Difference between Klingon and Tengwar
Mark E. Shoulson
mark at kli.org
Sun Sep 19 19:02:15 CDT 2021
On 9/19/21 11:13 AM, Sławomir Osipiuk via Unicode wrote:
> Additionally, the issue of "dignity" (or whatever one chooses to call
> it) is real. A script intended to aid the speakers of a natural
> language (especially a minority one), to preserve a centuries-old
> cultural history, or to assist people who cannot communicate via
> standard speech, will be seen as noble and positive. A script invented
> as part of a fictional work, and adopted only by eccentric fans of
> that work, will be seen generally as trivial and weird.

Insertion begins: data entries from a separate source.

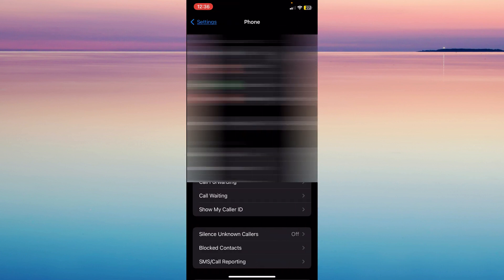So just tap on that and then you're going to want to scroll down again to blocked contacts.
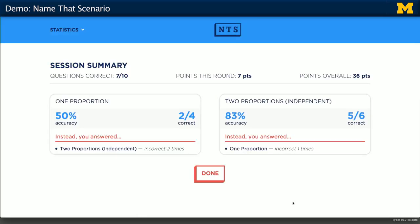Now that we've finished, you can see that we have a session summary. Out of our four questions on one proportion, I got half right, which sounds about right considering I guessed on most of them. But I did pretty well for the two proportions — I got five out of six correct. In total, I got seven out of ten correct questions on this round, with seven points for this round total. If you keep using this website, it will keep track of all of your points that you've gotten.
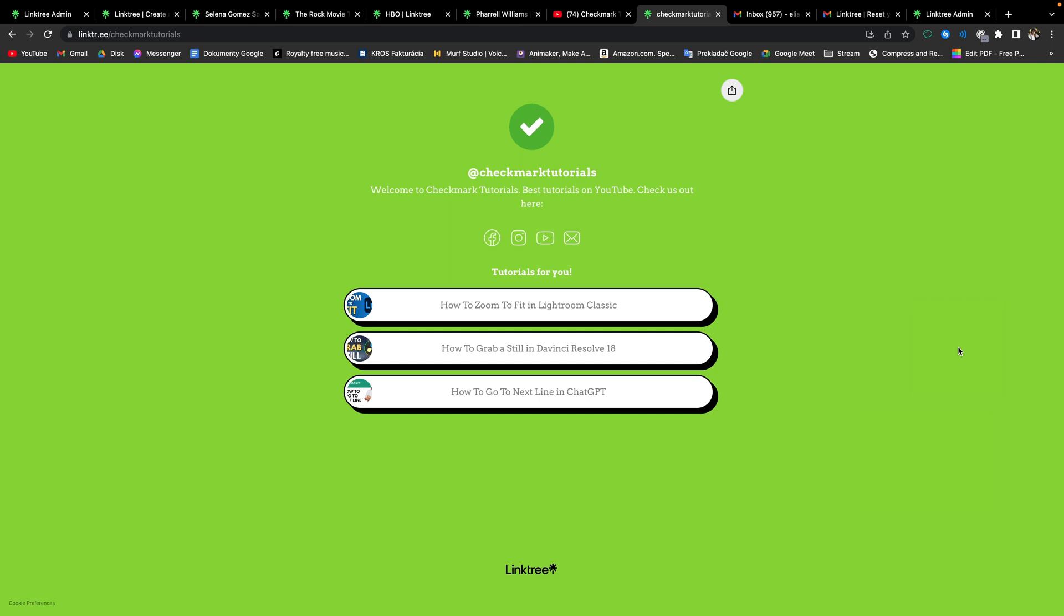You can also support me with donation through PayPal, link is in the description. Thank you for watching, keep on learning, see you next time. Bye-bye.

No disrespect intended to efforts to encode scripts for minority
languages, nor do I mean to equate the "suffering" of Klingon fans with
the needs of preserving real cultural identities. But just because some
people think it's weird or wrong isn't a reason not to do it, as we have
seen numerous times with Unicode already. I've already quoted my
conversation with someone who believes that emoji are "trivial and
weird." There are people out there who strongly disapprove of/hate
Yezidis (ISIL disapproves them to death in large numbers), Muslims
(there's plenty of Islamophobia still in the world), Christians (talk to
ISIL again, or the Taliban), but we still encoded Yezidi, Arabic (and
still adding bits and pieces of Qur'anic typography), and Latin (even
special characters for one particular Christian religious tract (the
Ormulum)). Those people are haters and don't count? All this is "no
true Scotsman" argumentation: nobody "important" hates those people.
Your arguments would have rang just as true in the 1960s arguing against
civil rights, because it makes people feel weird. (Again, not trying to
draw a comparison to our case, but to the similarity in the argument.)